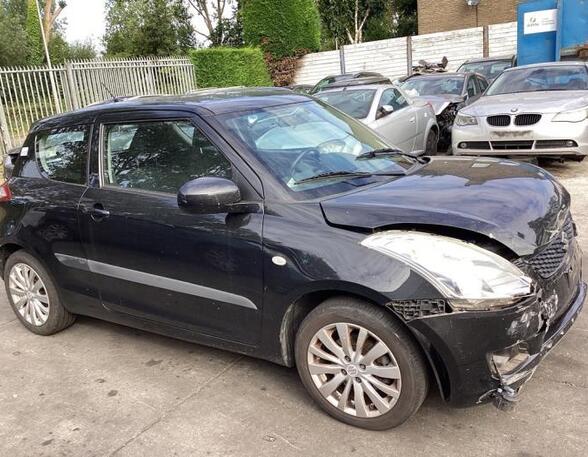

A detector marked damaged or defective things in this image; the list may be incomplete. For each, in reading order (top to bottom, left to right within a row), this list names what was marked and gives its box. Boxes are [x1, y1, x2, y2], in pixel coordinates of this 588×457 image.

wrecked bmw [0, 87, 584, 430]
damaged black hatchback [1, 87, 584, 430]
broken hood [322, 158, 568, 256]
smashed headlight [360, 232, 536, 310]
crumpled front bumper [404, 240, 584, 408]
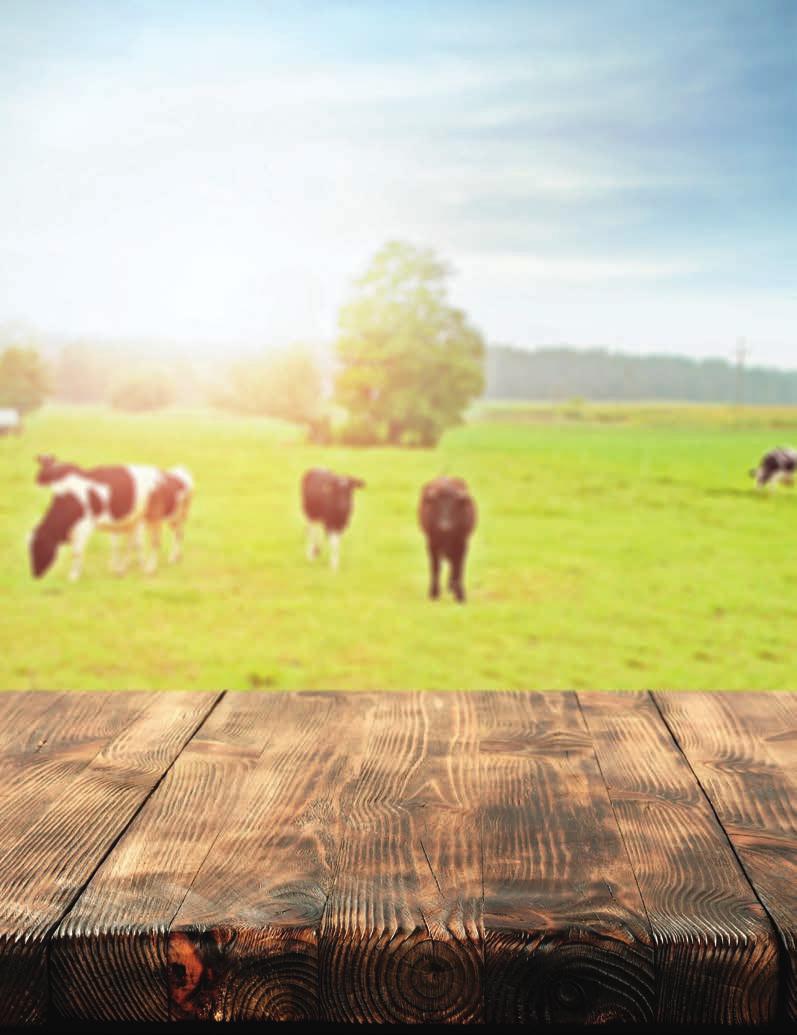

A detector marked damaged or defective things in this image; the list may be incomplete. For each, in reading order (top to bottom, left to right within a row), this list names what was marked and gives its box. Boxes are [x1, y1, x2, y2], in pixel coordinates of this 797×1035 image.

dark burnt wood [0, 691, 786, 1022]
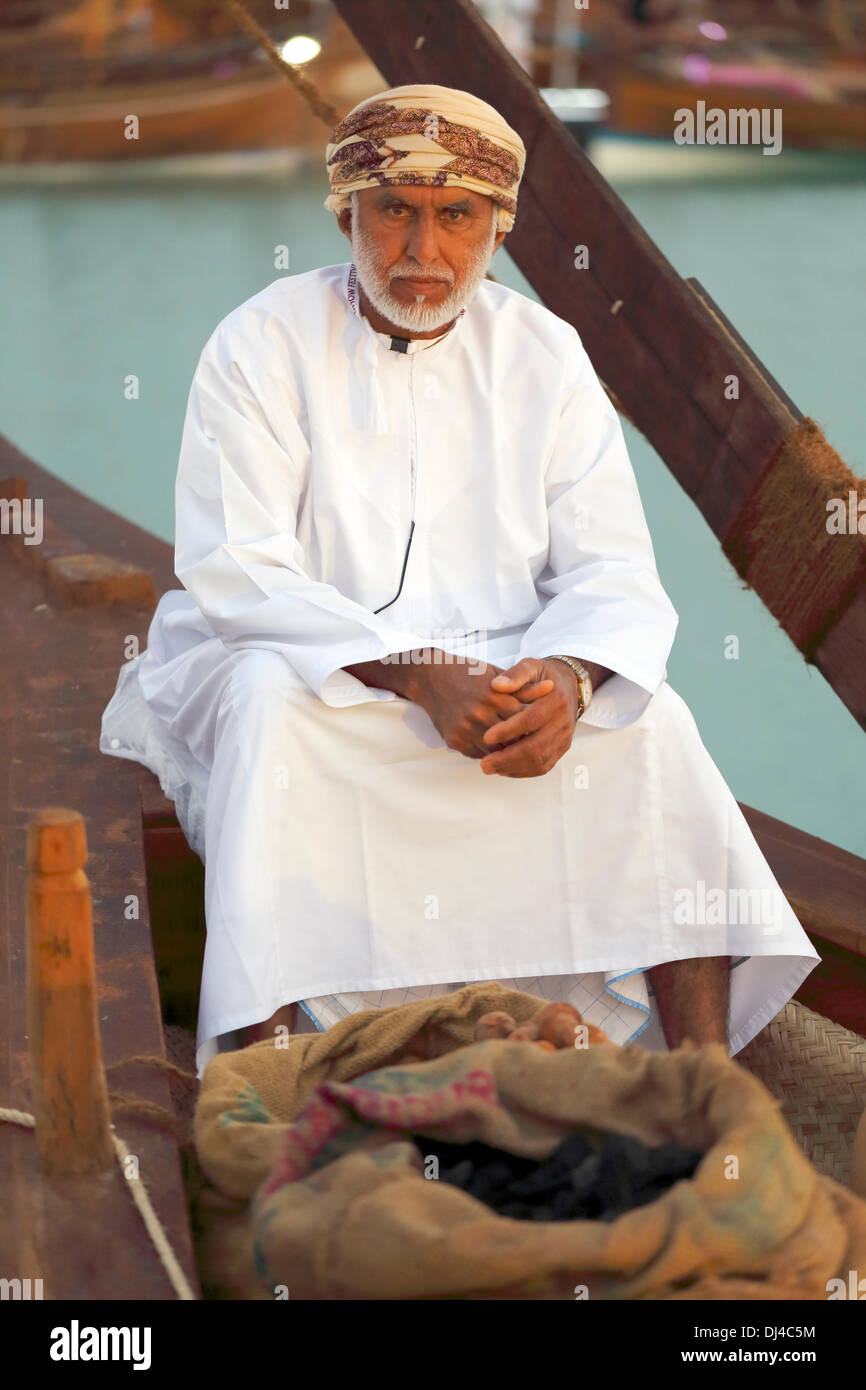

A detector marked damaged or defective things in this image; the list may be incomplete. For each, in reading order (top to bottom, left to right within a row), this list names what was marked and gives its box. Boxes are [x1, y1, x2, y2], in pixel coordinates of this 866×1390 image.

rusted metal surface [0, 439, 195, 1295]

---

Your objective:
Nothing but the lines from the line with "this 797×1035 image." through the end of the listing should appear in the answer, each duplicated exactly, without pictures.

Answer space:
A detector marked damaged or defective things in this image; the list may be incomplete. For each, in reading order (top to bottom, left to right within a row), this list names what was marked and gives its box. Boxes are [x1, y1, x2, y2], in pixel coordinates of this 797×1035 image.

dark burnt wood [0, 691, 786, 1022]

A detector marked damaged or defective things in this image; the list may be incomplete. For each, in reading order (top to bottom, left to right within a row), this list names what was marked and gives its box. Boxes are [x1, y1, x2, y2], in pixel coordinates of this 866×1390 image.

rusted metal surface [0, 439, 195, 1295]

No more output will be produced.